Up until that moment, I had been walking on my own across the street, albeit prodded by Hightower, who had a bruise-inducing grip on my right arm. No more. It was time to put up at least a token effort at resistance, if only so someone coming along realized the funny-looking white guy was being taken against his will.
I yanked my right arm, planted my right heel in the asphalt, and tried to make a break for it, pushing off as forcefully as I could. I didn’t know how far I could make it, running with handcuffs on, but I at least had to try.
It turns out the answer was: not very far. My bucking and squirming did exactly no good. Hightower, with his octopus hand, never relinquished his grip.
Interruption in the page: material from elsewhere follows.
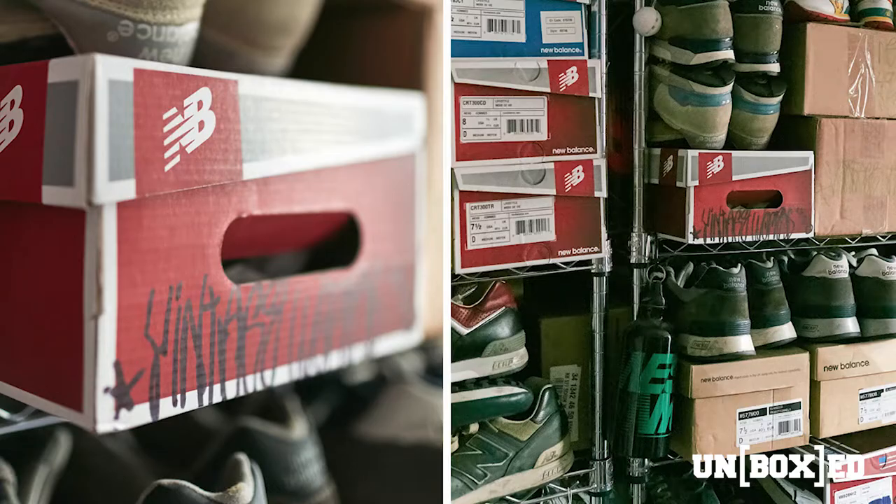Hey, what's up, I'm Richie Rojas. I have the biggest New Balance collection in the world — it's like 600-some pairs. Been collecting for about 25 years, so they brought me in here today to talk about the shoe.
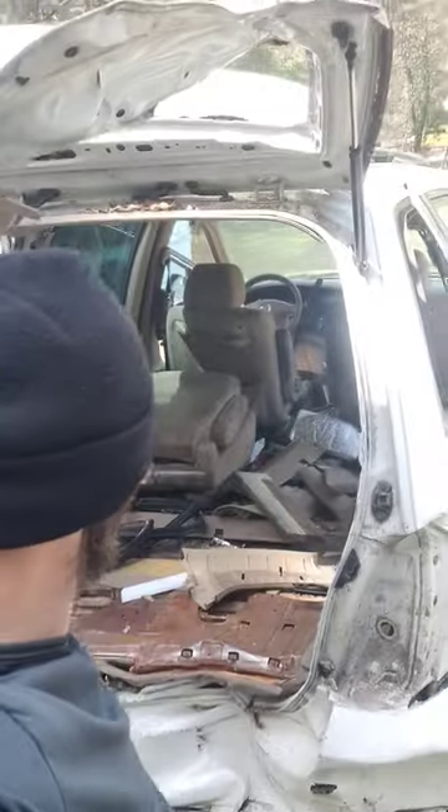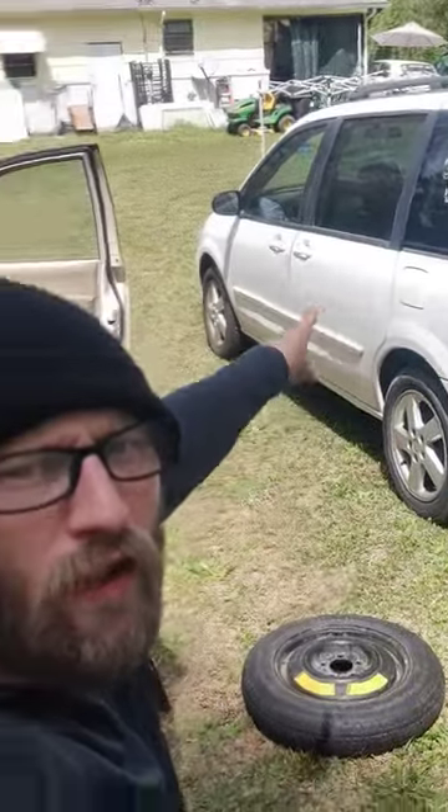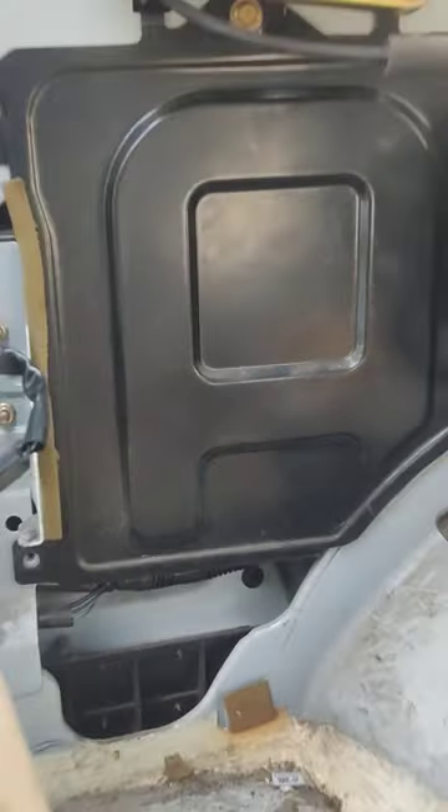Hi YouTube, MM&M here. We are working on swapping parts from the busted up minivan to the good minivan. Back glass is switched out, but we noticed something — there's this plate here, which probably just covers something up.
One of the other officers, the one with the mustache, anticipated my move, which he had probably seen a hundred times before, and took the opportunity to knee me in the groin.
He didn’t get me square in the kiddy-maker, but he got close enough that I felt a momentary lurch of nausea and doubled over. The mustachioed officer grabbed my left arm, and with Hightower still on my right, they dragged me up the front steps of the precinct-just like the cab driver, John Smith, on that long-ago hot summer night.
I could still hear Famous’s raspy laughter as the doors closed behind me.
* * *
Inside the precinct, the first thing I saw was the desk sergeant, a different one from the other day. I didn’t know if he was involved with the red dot scheme or not, but I was growing desperate. If nothing else, I didn’t want to go quietly.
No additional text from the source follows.